§ AIM OF THE EXERCISE
Filter on the word "logo": copy each matching line from the listing below.

══ RECORDS FOR THE EXERCISE ══

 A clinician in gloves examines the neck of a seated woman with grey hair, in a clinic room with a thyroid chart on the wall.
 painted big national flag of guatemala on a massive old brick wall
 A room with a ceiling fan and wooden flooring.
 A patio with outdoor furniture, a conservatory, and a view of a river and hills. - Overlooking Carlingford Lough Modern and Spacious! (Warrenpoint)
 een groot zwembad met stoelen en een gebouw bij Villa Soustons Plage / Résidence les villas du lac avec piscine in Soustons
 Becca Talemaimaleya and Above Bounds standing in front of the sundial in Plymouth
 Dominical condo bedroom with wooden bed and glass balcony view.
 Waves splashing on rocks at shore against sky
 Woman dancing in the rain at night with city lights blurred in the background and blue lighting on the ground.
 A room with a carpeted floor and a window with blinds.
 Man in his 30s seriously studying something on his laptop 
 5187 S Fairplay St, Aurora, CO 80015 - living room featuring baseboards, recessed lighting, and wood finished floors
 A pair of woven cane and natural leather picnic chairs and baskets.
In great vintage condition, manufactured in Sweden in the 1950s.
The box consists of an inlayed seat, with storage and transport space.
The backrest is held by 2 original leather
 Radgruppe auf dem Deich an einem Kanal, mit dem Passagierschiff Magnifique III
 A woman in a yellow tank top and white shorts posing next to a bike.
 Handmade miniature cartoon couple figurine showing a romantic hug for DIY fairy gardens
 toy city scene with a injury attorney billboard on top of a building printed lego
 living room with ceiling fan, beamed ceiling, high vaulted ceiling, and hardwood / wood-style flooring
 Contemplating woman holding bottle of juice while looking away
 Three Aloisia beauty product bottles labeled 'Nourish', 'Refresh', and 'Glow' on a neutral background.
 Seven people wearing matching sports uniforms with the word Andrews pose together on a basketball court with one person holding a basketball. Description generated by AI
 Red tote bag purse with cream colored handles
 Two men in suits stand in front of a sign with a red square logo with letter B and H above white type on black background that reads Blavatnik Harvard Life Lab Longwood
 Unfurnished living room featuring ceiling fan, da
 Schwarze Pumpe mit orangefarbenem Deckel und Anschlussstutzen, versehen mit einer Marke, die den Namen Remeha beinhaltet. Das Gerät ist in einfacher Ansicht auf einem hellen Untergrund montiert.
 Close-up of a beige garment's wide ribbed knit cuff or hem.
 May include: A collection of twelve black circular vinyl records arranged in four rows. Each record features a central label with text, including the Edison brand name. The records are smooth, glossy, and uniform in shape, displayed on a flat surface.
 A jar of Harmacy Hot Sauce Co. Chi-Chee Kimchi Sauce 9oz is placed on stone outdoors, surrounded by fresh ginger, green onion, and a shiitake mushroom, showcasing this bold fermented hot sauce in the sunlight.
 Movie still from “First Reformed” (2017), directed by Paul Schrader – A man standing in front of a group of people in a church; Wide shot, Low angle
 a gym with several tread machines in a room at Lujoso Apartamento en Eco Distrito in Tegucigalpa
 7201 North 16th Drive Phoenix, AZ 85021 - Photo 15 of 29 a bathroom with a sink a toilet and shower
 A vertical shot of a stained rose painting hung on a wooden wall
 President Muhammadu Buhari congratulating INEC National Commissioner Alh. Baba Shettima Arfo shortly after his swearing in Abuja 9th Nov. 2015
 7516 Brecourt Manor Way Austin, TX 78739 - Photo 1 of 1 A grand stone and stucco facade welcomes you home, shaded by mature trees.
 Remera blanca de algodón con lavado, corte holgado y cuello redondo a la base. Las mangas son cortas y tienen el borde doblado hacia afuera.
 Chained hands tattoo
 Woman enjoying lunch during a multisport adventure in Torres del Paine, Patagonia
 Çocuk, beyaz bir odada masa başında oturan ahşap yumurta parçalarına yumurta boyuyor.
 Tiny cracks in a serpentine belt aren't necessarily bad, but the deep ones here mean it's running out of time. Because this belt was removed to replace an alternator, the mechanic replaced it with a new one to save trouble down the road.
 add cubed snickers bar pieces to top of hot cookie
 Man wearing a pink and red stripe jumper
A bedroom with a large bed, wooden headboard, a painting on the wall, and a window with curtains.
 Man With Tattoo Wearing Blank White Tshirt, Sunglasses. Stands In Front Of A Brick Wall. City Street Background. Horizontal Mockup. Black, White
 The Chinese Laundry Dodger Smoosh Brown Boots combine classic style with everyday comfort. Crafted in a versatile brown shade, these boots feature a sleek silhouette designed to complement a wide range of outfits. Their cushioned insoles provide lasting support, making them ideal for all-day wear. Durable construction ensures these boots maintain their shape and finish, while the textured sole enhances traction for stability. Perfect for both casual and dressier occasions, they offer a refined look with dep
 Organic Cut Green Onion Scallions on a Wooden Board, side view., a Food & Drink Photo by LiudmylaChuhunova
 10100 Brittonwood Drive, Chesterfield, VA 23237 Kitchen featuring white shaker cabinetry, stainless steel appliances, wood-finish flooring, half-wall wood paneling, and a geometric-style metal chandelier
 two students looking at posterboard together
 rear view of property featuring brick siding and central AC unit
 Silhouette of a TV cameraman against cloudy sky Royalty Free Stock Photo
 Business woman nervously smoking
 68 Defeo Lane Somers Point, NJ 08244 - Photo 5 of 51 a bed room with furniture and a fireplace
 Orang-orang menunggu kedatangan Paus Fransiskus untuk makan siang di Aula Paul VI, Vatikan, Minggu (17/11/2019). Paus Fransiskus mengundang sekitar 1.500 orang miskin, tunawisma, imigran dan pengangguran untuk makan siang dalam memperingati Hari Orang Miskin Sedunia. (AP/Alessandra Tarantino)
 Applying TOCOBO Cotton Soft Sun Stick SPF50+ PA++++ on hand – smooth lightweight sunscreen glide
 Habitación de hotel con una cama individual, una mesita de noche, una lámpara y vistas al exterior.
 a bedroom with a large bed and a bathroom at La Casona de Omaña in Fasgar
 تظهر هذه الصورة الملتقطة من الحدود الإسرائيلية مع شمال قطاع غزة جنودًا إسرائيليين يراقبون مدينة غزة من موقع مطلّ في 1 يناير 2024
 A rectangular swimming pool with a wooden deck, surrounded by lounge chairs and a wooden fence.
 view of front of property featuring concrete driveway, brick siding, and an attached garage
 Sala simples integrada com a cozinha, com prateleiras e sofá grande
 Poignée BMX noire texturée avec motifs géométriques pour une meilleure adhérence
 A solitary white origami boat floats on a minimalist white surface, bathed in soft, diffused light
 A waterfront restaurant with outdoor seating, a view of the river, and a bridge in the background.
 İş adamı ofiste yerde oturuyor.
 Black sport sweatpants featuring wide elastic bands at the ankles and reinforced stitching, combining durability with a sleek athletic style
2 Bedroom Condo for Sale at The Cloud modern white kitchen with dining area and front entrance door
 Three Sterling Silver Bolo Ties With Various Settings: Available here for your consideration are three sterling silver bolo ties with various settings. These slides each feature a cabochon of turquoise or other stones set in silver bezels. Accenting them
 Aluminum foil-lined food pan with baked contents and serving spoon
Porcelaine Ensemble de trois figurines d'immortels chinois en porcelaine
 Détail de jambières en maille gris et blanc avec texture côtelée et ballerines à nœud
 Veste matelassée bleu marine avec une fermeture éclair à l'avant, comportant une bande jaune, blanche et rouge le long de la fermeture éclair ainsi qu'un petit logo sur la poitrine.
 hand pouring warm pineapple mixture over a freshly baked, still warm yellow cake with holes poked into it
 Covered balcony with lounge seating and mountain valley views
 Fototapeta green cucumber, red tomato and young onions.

═══

§ WRITTEN RESPONSE
 Two men in suits stand in front of a sign with a red square logo with letter B and H above white type on black background that reads Blavatnik Harvard Life Lab Longwood
 Veste matelassée bleu marine avec une fermeture éclair à l'avant, comportant une bande jaune, blanche et rouge le long de la fermeture éclair ainsi qu'un petit logo sur la poitrine.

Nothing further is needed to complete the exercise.